Copy out the listing in full, exactly as written, but not its pictures.
##### THE DATA
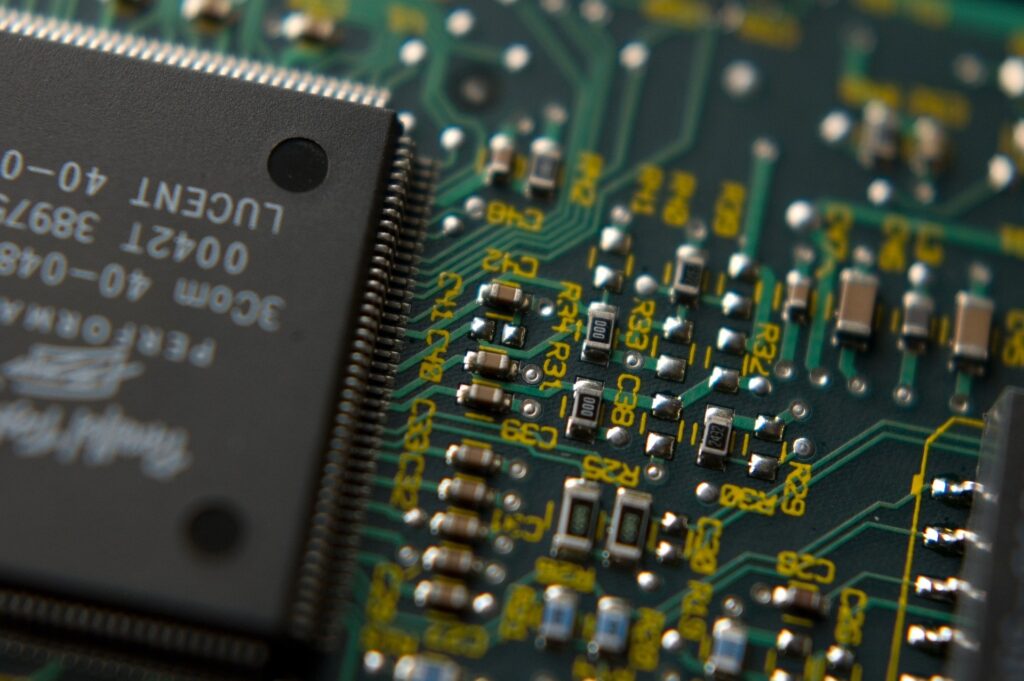 باستخدام تقنية 3 نانو من TSMC .. أوبو تتّبع نهج سامسونج وتبدأ عملية تصنيع شرائحها الخاصة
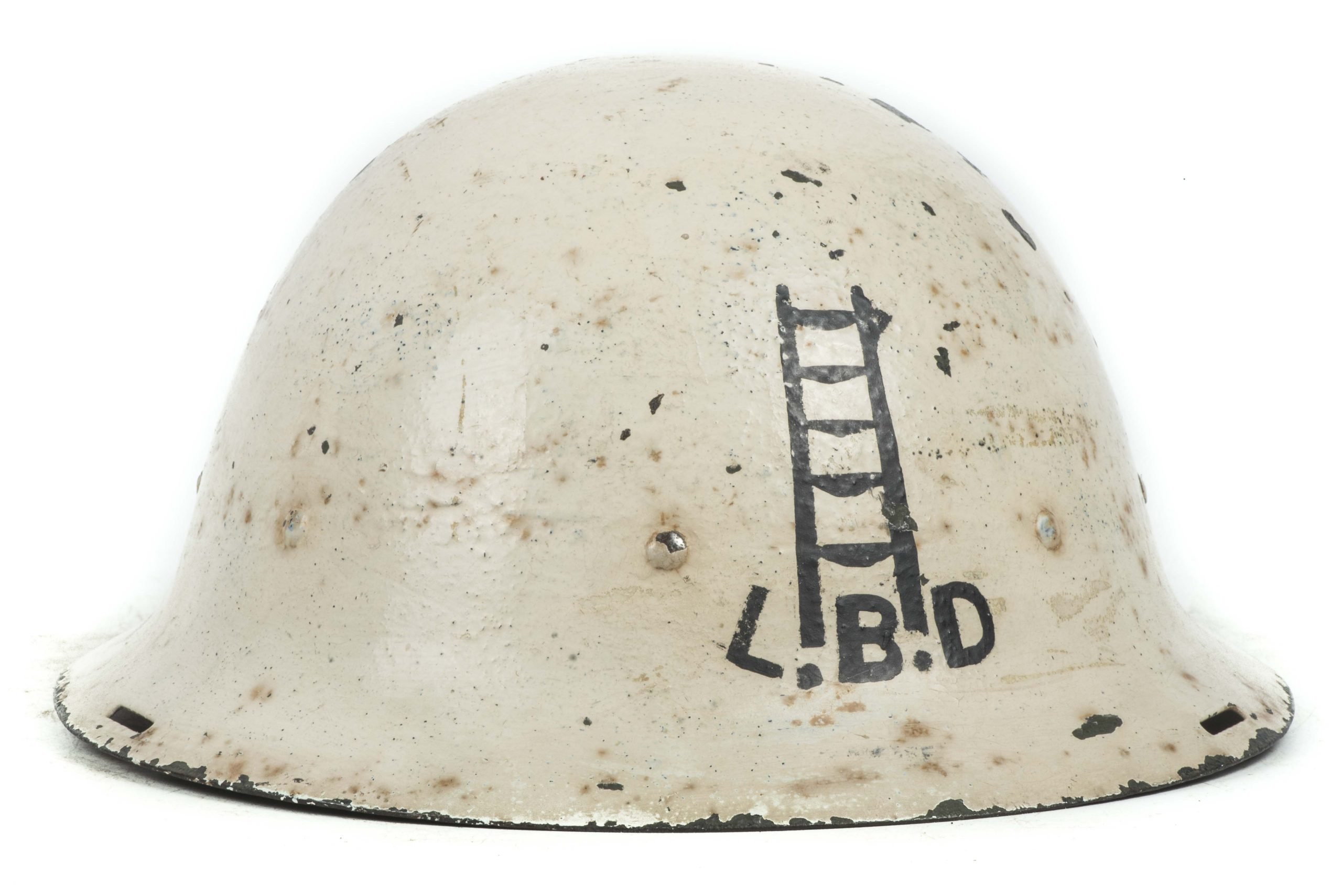 Rare Dutch M16 B helmet for Luchtbeschermingsdienst marked CM 1926 — image 2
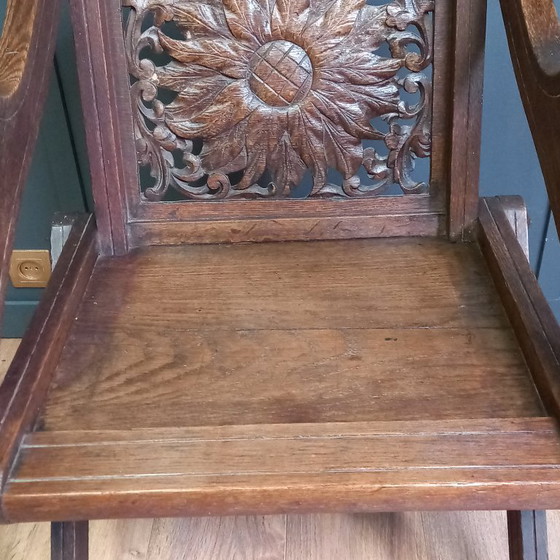 Image 1 of Antieke Glastonbury Priesterstoel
##########
- [SOLUTION TO THIS PROBLEM]:
 باستخدام تقنية 3 نانو من TSMC .. أوبو تتّبع نهج سامسونج وتبدأ عملية تصنيع شرائحها الخاصة
 Rare Dutch M16 B helmet for Luchtbeschermingsdienst marked CM 1926 — image 2
 Image 1 of Antieke Glastonbury Priesterstoel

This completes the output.